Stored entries

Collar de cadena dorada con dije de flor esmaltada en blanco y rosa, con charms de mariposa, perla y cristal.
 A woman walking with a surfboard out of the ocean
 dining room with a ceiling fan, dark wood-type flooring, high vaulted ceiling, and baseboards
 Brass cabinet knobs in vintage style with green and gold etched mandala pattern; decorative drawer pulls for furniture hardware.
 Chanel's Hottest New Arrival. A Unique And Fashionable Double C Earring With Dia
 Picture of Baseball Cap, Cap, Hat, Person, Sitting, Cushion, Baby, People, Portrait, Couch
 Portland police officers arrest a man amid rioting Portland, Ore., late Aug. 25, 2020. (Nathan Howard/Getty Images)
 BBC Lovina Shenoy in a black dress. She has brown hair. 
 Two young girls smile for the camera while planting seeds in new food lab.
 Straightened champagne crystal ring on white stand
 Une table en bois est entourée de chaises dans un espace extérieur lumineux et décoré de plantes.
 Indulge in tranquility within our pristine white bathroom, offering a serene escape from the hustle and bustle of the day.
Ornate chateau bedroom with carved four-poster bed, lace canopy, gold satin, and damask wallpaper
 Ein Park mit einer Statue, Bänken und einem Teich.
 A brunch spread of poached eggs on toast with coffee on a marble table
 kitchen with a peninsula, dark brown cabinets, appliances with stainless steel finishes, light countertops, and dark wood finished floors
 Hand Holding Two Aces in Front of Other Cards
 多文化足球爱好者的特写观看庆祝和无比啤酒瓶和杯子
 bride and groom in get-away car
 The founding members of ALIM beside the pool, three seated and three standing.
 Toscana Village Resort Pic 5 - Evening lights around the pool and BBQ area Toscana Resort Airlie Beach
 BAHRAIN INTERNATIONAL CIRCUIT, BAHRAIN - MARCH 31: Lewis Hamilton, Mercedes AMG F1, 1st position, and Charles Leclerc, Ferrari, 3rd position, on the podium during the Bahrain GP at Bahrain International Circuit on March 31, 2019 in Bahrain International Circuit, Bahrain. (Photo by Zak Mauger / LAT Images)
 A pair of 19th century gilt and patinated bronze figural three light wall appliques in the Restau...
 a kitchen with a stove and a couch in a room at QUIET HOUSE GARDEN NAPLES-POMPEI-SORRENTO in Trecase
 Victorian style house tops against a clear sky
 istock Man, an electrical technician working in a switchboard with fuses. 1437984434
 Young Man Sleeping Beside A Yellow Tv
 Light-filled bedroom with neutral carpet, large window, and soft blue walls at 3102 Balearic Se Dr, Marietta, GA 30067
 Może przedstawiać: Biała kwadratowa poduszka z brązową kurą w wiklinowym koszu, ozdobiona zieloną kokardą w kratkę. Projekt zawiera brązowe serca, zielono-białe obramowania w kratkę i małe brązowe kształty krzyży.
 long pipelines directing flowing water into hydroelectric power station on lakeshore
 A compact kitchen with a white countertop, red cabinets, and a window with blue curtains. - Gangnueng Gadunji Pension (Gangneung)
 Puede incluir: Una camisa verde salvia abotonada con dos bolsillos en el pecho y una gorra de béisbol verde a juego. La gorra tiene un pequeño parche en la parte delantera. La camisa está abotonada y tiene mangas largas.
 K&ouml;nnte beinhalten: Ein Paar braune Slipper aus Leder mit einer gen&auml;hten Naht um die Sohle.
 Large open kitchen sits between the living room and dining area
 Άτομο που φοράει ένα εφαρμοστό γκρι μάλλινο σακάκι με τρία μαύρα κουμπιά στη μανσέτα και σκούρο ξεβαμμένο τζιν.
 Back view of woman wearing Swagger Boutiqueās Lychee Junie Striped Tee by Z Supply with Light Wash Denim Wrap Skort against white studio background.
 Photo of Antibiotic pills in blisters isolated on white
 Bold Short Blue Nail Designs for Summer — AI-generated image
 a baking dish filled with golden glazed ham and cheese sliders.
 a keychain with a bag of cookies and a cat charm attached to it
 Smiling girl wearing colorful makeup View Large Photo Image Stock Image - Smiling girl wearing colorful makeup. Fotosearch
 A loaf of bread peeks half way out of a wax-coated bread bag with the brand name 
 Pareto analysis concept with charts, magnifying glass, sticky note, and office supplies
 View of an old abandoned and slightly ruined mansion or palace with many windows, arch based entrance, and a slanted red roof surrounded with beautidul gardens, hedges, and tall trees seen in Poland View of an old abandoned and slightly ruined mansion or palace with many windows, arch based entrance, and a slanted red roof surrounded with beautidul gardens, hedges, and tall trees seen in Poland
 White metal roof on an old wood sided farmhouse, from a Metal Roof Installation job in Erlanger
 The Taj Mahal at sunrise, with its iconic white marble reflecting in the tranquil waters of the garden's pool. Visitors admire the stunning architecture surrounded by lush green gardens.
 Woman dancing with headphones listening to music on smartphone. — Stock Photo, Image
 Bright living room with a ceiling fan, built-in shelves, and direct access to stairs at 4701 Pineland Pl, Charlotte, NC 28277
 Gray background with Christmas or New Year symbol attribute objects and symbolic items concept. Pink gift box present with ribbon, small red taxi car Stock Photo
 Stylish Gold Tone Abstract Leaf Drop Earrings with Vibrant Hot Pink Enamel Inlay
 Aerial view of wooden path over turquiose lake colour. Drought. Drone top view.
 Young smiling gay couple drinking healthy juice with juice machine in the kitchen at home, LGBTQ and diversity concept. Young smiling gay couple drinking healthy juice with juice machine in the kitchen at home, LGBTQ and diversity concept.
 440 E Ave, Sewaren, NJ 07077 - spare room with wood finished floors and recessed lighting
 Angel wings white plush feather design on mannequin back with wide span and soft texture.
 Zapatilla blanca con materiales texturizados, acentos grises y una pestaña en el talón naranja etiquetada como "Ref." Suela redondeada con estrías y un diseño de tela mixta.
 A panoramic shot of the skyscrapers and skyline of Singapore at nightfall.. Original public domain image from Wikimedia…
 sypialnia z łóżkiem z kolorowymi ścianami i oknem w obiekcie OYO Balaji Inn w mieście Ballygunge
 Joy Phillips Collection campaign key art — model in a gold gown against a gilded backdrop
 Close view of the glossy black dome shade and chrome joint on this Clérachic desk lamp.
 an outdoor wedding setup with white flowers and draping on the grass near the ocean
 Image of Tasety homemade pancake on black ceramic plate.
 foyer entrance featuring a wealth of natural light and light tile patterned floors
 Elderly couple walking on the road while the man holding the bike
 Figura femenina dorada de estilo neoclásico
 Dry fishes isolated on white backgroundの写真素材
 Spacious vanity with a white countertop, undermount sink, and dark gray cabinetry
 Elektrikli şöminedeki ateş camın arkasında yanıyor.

TASK TO CARRY OUT: Go through the entries and restate each one exactly.

OUTPUT OF THE EXERCISE:
Collar de cadena dorada con dije de flor esmaltada en blanco y rosa, con charms de mariposa, perla y cristal.
 A woman walking with a surfboard out of the ocean
 dining room with a ceiling fan, dark wood-type flooring, high vaulted ceiling, and baseboards
 Brass cabinet knobs in vintage style with green and gold etched mandala pattern; decorative drawer pulls for furniture hardware.
 Chanel's Hottest New Arrival. A Unique And Fashionable Double C Earring With Dia
 Picture of Baseball Cap, Cap, Hat, Person, Sitting, Cushion, Baby, People, Portrait, Couch
 Portland police officers arrest a man amid rioting Portland, Ore., late Aug. 25, 2020. (Nathan Howard/Getty Images)
 BBC Lovina Shenoy in a black dress. She has brown hair. 
 Two young girls smile for the camera while planting seeds in new food lab.
 Straightened champagne crystal ring on white stand
 Une table en bois est entourée de chaises dans un espace extérieur lumineux et décoré de plantes.
 Indulge in tranquility within our pristine white bathroom, offering a serene escape from the hustle and bustle of the day.
Ornate chateau bedroom with carved four-poster bed, lace canopy, gold satin, and damask wallpaper
 Ein Park mit einer Statue, Bänken und einem Teich.
 A brunch spread of poached eggs on toast with coffee on a marble table
 kitchen with a peninsula, dark brown cabinets, appliances with stainless steel finishes, light countertops, and dark wood finished floors
 Hand Holding Two Aces in Front of Other Cards
 多文化足球爱好者的特写观看庆祝和无比啤酒瓶和杯子
 bride and groom in get-away car
 The founding members of ALIM beside the pool, three seated and three standing.
 Toscana Village Resort Pic 5 - Evening lights around the pool and BBQ area Toscana Resort Airlie Beach
 BAHRAIN INTERNATIONAL CIRCUIT, BAHRAIN - MARCH 31: Lewis Hamilton, Mercedes AMG F1, 1st position, and Charles Leclerc, Ferrari, 3rd position, on the podium during the Bahrain GP at Bahrain International Circuit on March 31, 2019 in Bahrain International Circuit, Bahrain. (Photo by Zak Mauger / LAT Images)
 A pair of 19th century gilt and patinated bronze figural three light wall appliques in the Restau...
 a kitchen with a stove and a couch in a room at QUIET HOUSE GARDEN NAPLES-POMPEI-SORRENTO in Trecase
 Victorian style house tops against a clear sky
 istock Man, an electrical technician working in a switchboard with fuses. 1437984434
 Young Man Sleeping Beside A Yellow Tv
 Light-filled bedroom with neutral carpet, large window, and soft blue walls at 3102 Balearic Se Dr, Marietta, GA 30067
 Może przedstawiać: Biała kwadratowa poduszka z brązową kurą w wiklinowym koszu, ozdobiona zieloną kokardą w kratkę. Projekt zawiera brązowe serca, zielono-białe obramowania w kratkę i małe brązowe kształty krzyży.
 long pipelines directing flowing water into hydroelectric power station on lakeshore
 A compact kitchen with a white countertop, red cabinets, and a window with blue curtains. - Gangnueng Gadunji Pension (Gangneung)
 Puede incluir: Una camisa verde salvia abotonada con dos bolsillos en el pecho y una gorra de béisbol verde a juego. La gorra tiene un pequeño parche en la parte delantera. La camisa está abotonada y tiene mangas largas.
 K&ouml;nnte beinhalten: Ein Paar braune Slipper aus Leder mit einer gen&auml;hten Naht um die Sohle.
 Large open kitchen sits between the living room and dining area
 Άτομο που φοράει ένα εφαρμοστό γκρι μάλλινο σακάκι με τρία μαύρα κουμπιά στη μανσέτα και σκούρο ξεβαμμένο τζιν.
 Back view of woman wearing Swagger Boutiqueās Lychee Junie Striped Tee by Z Supply with Light Wash Denim Wrap Skort against white studio background.
 Photo of Antibiotic pills in blisters isolated on white
 Bold Short Blue Nail Designs for Summer — AI-generated image
 a baking dish filled with golden glazed ham and cheese sliders.
 a keychain with a bag of cookies and a cat charm attached to it
 Smiling girl wearing colorful makeup View Large Photo Image Stock Image - Smiling girl wearing colorful makeup. Fotosearch
 A loaf of bread peeks half way out of a wax-coated bread bag with the brand name 
 Pareto analysis concept with charts, magnifying glass, sticky note, and office supplies
 View of an old abandoned and slightly ruined mansion or palace with many windows, arch based entrance, and a slanted red roof surrounded with beautidul gardens, hedges, and tall trees seen in Poland View of an old abandoned and slightly ruined mansion or palace with many windows, arch based entrance, and a slanted red roof surrounded with beautidul gardens, hedges, and tall trees seen in Poland
 White metal roof on an old wood sided farmhouse, from a Metal Roof Installation job in Erlanger
 The Taj Mahal at sunrise, with its iconic white marble reflecting in the tranquil waters of the garden's pool. Visitors admire the stunning architecture surrounded by lush green gardens.
 Woman dancing with headphones listening to music on smartphone. — Stock Photo, Image
 Bright living room with a ceiling fan, built-in shelves, and direct access to stairs at 4701 Pineland Pl, Charlotte, NC 28277
 Gray background with Christmas or New Year symbol attribute objects and symbolic items concept. Pink gift box present with ribbon, small red taxi car Stock Photo
 Stylish Gold Tone Abstract Leaf Drop Earrings with Vibrant Hot Pink Enamel Inlay
 Aerial view of wooden path over turquiose lake colour. Drought. Drone top view.
 Young smiling gay couple drinking healthy juice with juice machine in the kitchen at home, LGBTQ and diversity concept. Young smiling gay couple drinking healthy juice with juice machine in the kitchen at home, LGBTQ and diversity concept.
 440 E Ave, Sewaren, NJ 07077 - spare room with wood finished floors and recessed lighting
 Angel wings white plush feather design on mannequin back with wide span and soft texture.
 Zapatilla blanca con materiales texturizados, acentos grises y una pestaña en el talón naranja etiquetada como "Ref." Suela redondeada con estrías y un diseño de tela mixta.
 A panoramic shot of the skyscrapers and skyline of Singapore at nightfall.. Original public domain image from Wikimedia…
 sypialnia z łóżkiem z kolorowymi ścianami i oknem w obiekcie OYO Balaji Inn w mieście Ballygunge
 Joy Phillips Collection campaign key art — model in a gold gown against a gilded backdrop
 Close view of the glossy black dome shade and chrome joint on this Clérachic desk lamp.
 an outdoor wedding setup with white flowers and draping on the grass near the ocean
 Image of Tasety homemade pancake on black ceramic plate.
 foyer entrance featuring a wealth of natural light and light tile patterned floors
 Elderly couple walking on the road while the man holding the bike
 Figura femenina dorada de estilo neoclásico
 Dry fishes isolated on white backgroundの写真素材
 Spacious vanity with a white countertop, undermount sink, and dark gray cabinetry
 Elektrikli şöminedeki ateş camın arkasında yanıyor.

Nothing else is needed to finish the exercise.